The anniversary events in September will celebrate the vision of the program’s founder, Professor Bill McClymont, and the achievements of its more than 1,500 graduates. Through those graduates, the “McClymont vision” has made an impact throughout Australia and the Asia Pacific region – and beyond.
Titled “Celebrating the McClymont vision”, the events will include a full-day forum on Friday 22 September with the theme “Rural science in the context of Australian agricultural education”, and a reunion dinner at UNE’s Austin College that evening.
Dr Bernie Bindon, one of the organisers of the anniversary, explained that Professor McClymont – a distinguished veterinary researcher – had wanted to produce graduates with an integrated knowledge of animal husbandry and agronomy, and thus of the entire soil-plant-animal complex. “The ‘McClymont vision’ was one of ‘agricultural ecology’ as a whole,” Dr Bindon said. “He wanted graduates to be able to think about an integrated system.”
Dr Bindon (pictured here), who was the founding Chief Executive Officer of the Australian Cooperative Research Centre for Cattle and Beef Quality in 1993 – a position he held for 12 years – is just one of many distinguished graduates of UNE’s Rural Science program. (He was one of the third intake of undergraduates, and went on to gain a Master of Rural Science degree at UNE.) Another is Dame Bridget Ogilvie, the program’s first University Medallist, who became Director of the Wellcome Trust in the UK. Dr Geoffrey Fox, who graduated Bachelor of Rural Science in 1965 and PhD (also from UNE) in 1969, held several important positions in the World Bank, including that of Director, Rural Development and Natural Resource Management, for the East Asia and Pacific Region.
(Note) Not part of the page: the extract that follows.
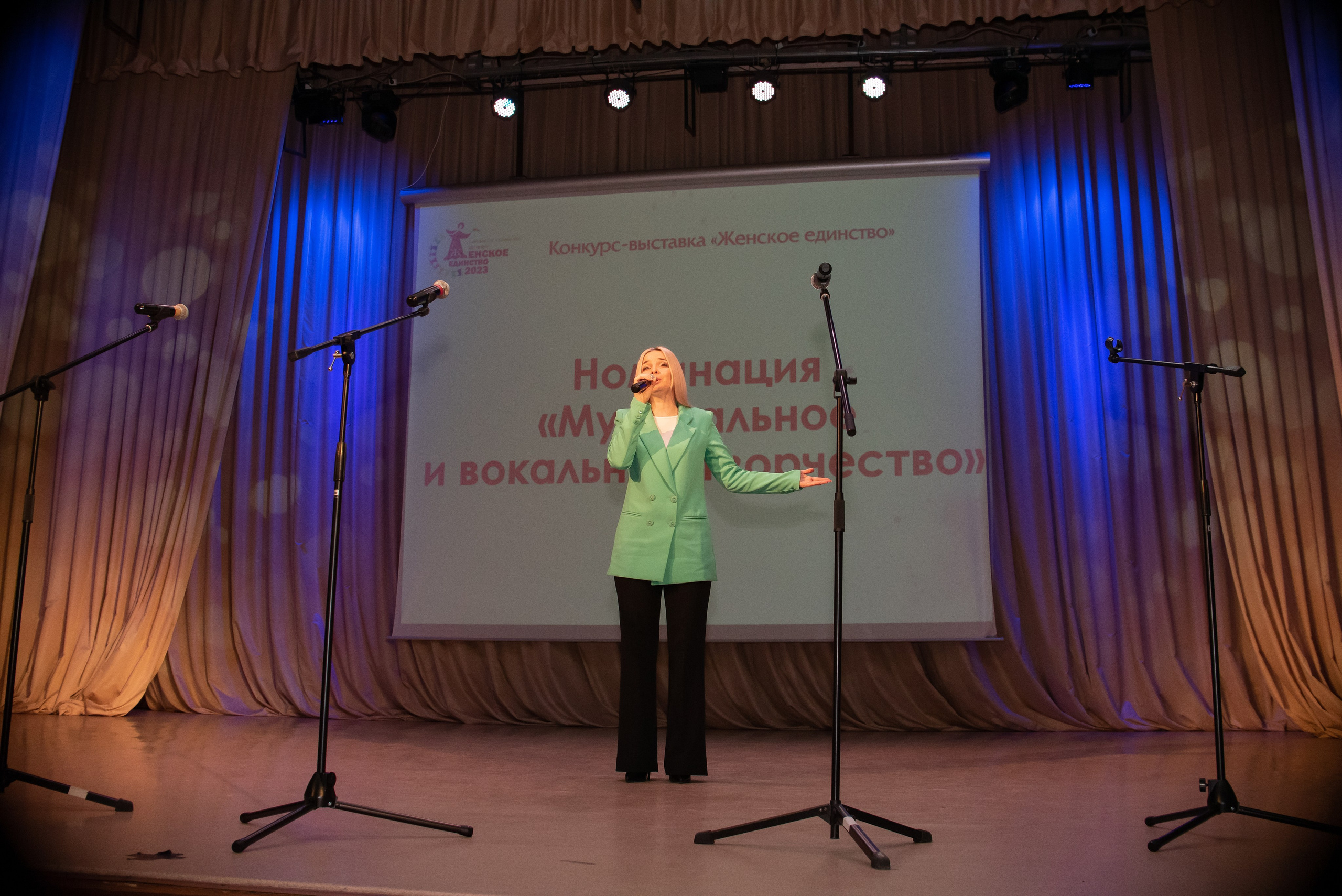 Репортажный фотограф на коцерт. Фотограф Макс Огурцов в Нижнем Новгороде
Dr Fox (who, like Dr Bindon, is an Adjunct Professor at UNE) will be the guest speaker at the reunion dinner.
Reunion events will begin on the afternoon of Thursday 21 September with pre-dinner drinks at Austin College at 5.30 pm, followed by a buffet dinner. The Vice-Chancellor of UNE, Professor Alan Pettigrew, will officially open the forum at 8.45 the following morning. On Saturday, after a leisurely brunch, there will be tours of UNE (including the Livestock Industries Institute), Booloominbah, and Armidale. Activities that afternoon and evening will centre on a reunion of Wright College residents, who will also be celebrating their 50th anniversary.
Dr Bindon said the organisers had contacted all the Rural Science graduates for whom they had current addresses, and were keen to reach those who had dropped off their contact list. “As well as being a chance to meet up with classmates, other Rural Science graduates, and staff members past and present,” he said, “there will be opportunities for them to contribute to thinking about the future of Rural Science at UNE. We’ve asked them to take part in a survey on the effectiveness and possible revision of the Rural Science program. And, at the end of the forum, there will be a chance for everyone to discuss this.”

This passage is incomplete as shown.